Re: [linus:master] [timers] 7ee9887703: stress-ng.uprobe.ops_per_sec -17.1% regression

From: Rafael J. Wysocki
Date: Mon Apr 29 2024 - 13:02:27 EST


On Mon, Apr 29, 2024 at 12:40 PM Anna-Maria Behnsen
<anna-maria@xxxxxxxxxxxxx> wrote:
>
> Anna-Maria Behnsen <anna-maria@xxxxxxxxxxxxx> writes:
>
> > Hi,
> >
> > Lukasz Luba <lukasz.luba@xxxxxxx> writes:
> >> On 4/26/24 17:03, Rafael J. Wysocki wrote:
> >>> On Thu, Apr 25, 2024 at 10:23 AM Anna-Maria Behnsen
> >>> <anna-maria@xxxxxxxxxxxxx> wrote:
> >
> > [...]
> >
> >>>> So my assumption here is, that cpuidle governors assume that a deeper
> >>>> idle state could be choosen and selecting the deeper idle state makes an
> >>>> overhead when returning from idle. But I have to notice here, that I'm
> >>>> still not familiar with cpuidle internals... So I would be happy about
> >>>> some hints how I can debug/trace cpuidle internals to falsify or verify
> >>>> this assumption.
> >>>
> >>> You can look at the "usage" and "time" numbers for idle states in
> >>>
> >>> /sys/devices/system/cpu/cpu*/cpuidle/state*/
> >>>
> >>> The "usage" value is the number of times the governor has selected the
> >>> given state and the "time" is the total idle time after requesting the
> >>> given state (ie. the sum of time intervals between selecting that
> >>> state by the governor and wakeup from it).
> >>>
> >>> If "usage" decreases for deeper (higher number) idle states relative
> >>> to its value for shallower (lower number) idle states after applying
> >>> the test patch, that will indicate that the theory is valid.
> >>
> >> I agree with Rafael here, this is the first thing to check, those
> >> statistics. Then, when you see difference in those stats in baseline
> >> vs. patched version, we can analyze the internal gov decisions
> >> with help of tracing.
> >>
> >> Please also share how many idle states is in those testing platforms.
> >
> > Thanks Rafael and Lukasz, for the feedback here!
> >
> > So I simply added the state usage values for all 112 CPUs and calculated
> > the diff before and after the stress-ng call. The values are from a
> > single run.
> >
>
> Now here are the values of the states and the time because I forgot to
> track also the time in the first run:
>
> USAGE good bad bad+patch
> ---- --- ---------
> state0 115 137 234
> state1 450680 354689 420904
> state2 3092092 2687410 3169438
>
>
> TIME good bad bad+patch
> ---- --- ---------
> state0 9347 9683 18378
> state1 626029557 562678907 593350108
> state2 6130557768 6201518541 6150403441
>
>
> > good: 57e95a5c4117 ("timers: Introduce function to check timer base
> > is_idle flag")
> > bad: v6.9-rc4
> > bad+patch: v6.9-rc4 + patch
> >
> > I choosed v6.9-rc4 for "bad", to make sure all the timer pull model fixes
> > are applied.
> >
> > If I got Raphael right, the values indicate, that my theory is not
> > right...

It appears so.

However, the hardware may refuse to enter a deeper idle state in some cases.

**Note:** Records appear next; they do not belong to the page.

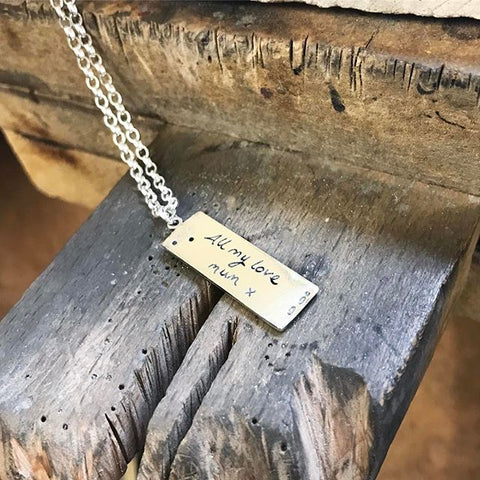 Engraved Necklace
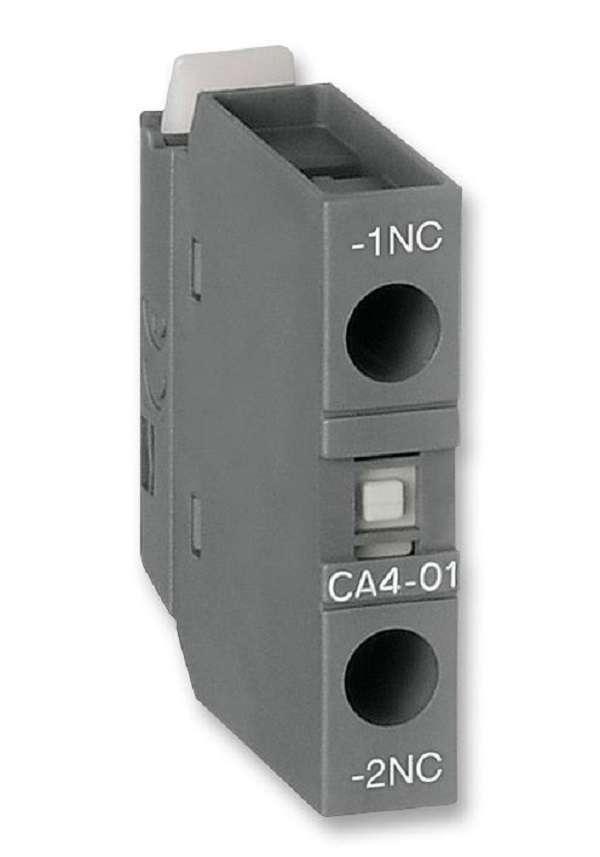 Abb (CA4-01) Contact Block, Front, 1NC, 6 A, 690 V, 1 Pole, Screw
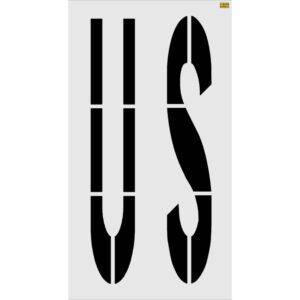 96" Texas DOT US Stencil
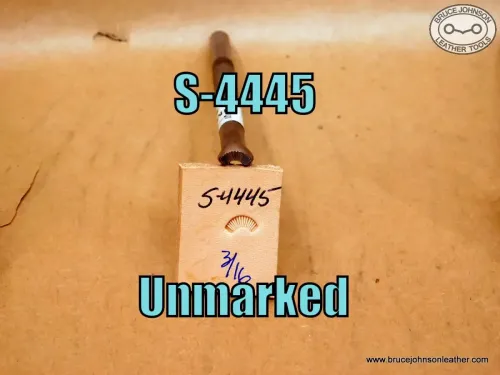 SOLD – S-4445 – unmarked barker stamp, 3-16 inch – $20.00.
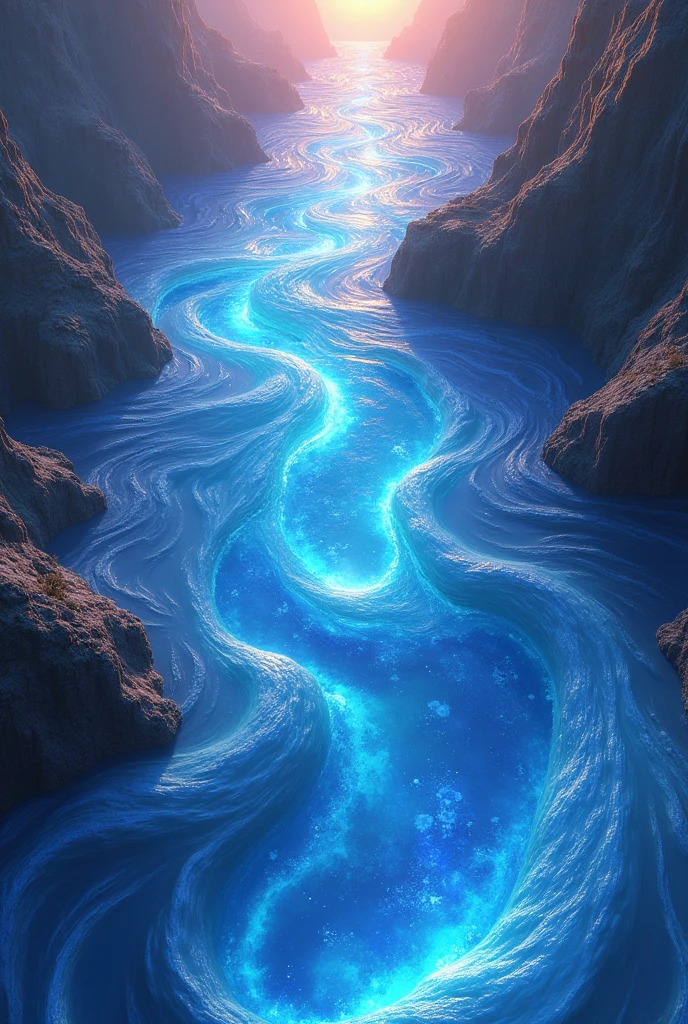 hyper realistic, fantasy, magic, an oasis of liquid mana, energy emanates, top view, no landscape, no characters, blank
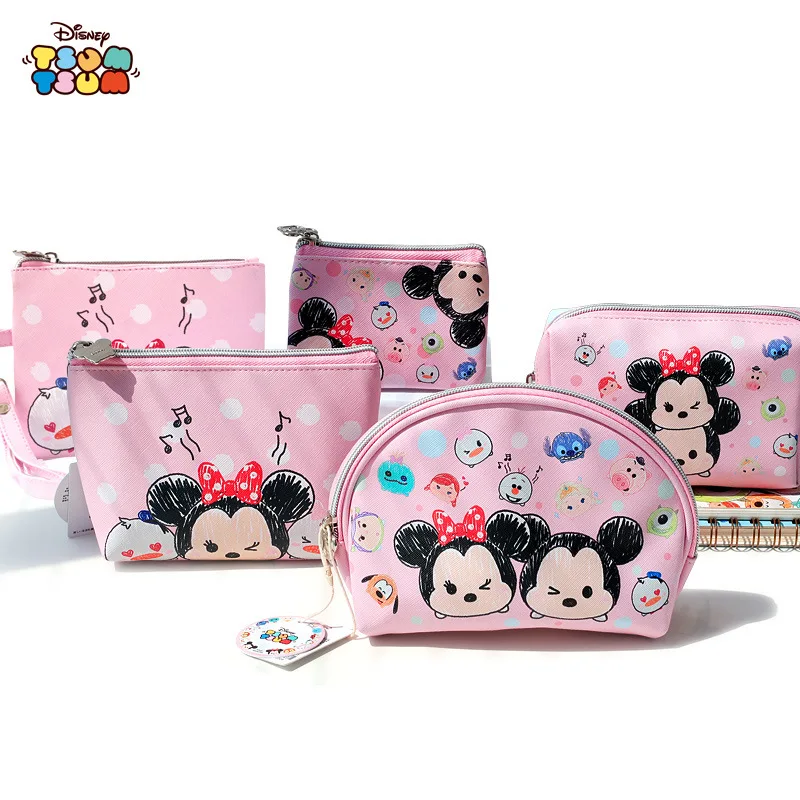 

Disney Hot sale colorful makeup pouch bag waterproof shiny beauty cosmetic bag for ladies toiletry wash pouch, Customized color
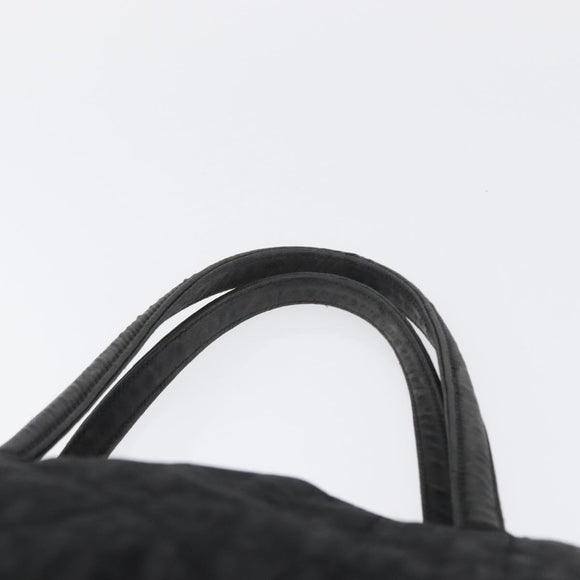 Christian Dior Hand Bag Nylon Black Silver Auth bs33989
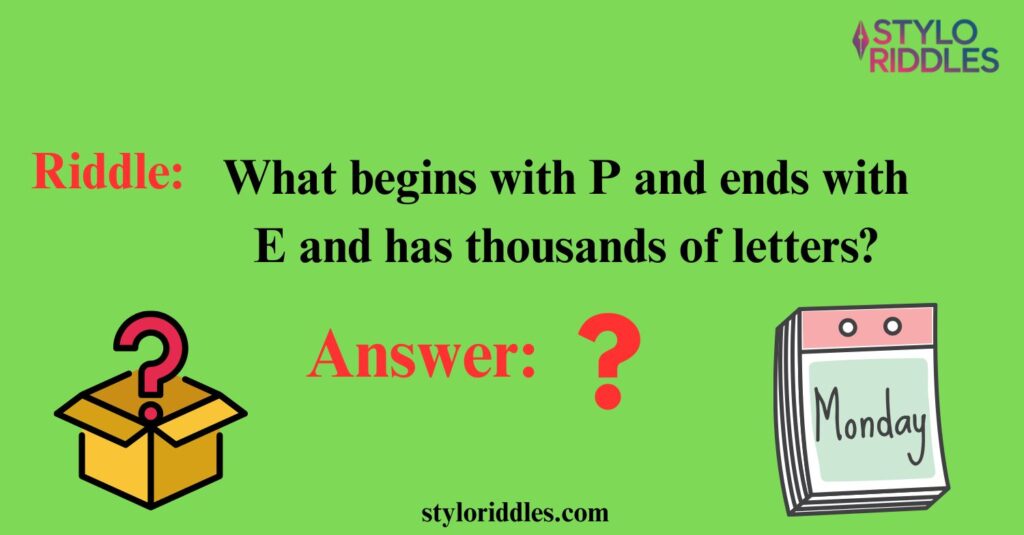 Monday Riddles for Kids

It would be good to run the test under turbostat and see what happens
to hardware C-state residencies. I would also like to have a look at
the CPU frequencies in use in all of the cases above.

> ... but with the time values: CPUs are less often but in total longer in state2.

I have divided the total residency numbers above by the corresponding
usage numbers and got the below:

state1: 1389,08 1586,40 1409,70
state2: 1982,66 2307,62 1940,53

for "good", "bad" and "bad+patch" , respectively.

This shows that, on the average, after entering an idle state, a CPU
spends more time in it in the "bad" case than in the other cases.

To me, this means that, on the average, in the "bad" case there are
fewer wakeups from idle states (or IOW the wakeups occur less
frequently) and that seems to affect the benchmark in question
adversely.

Thanks!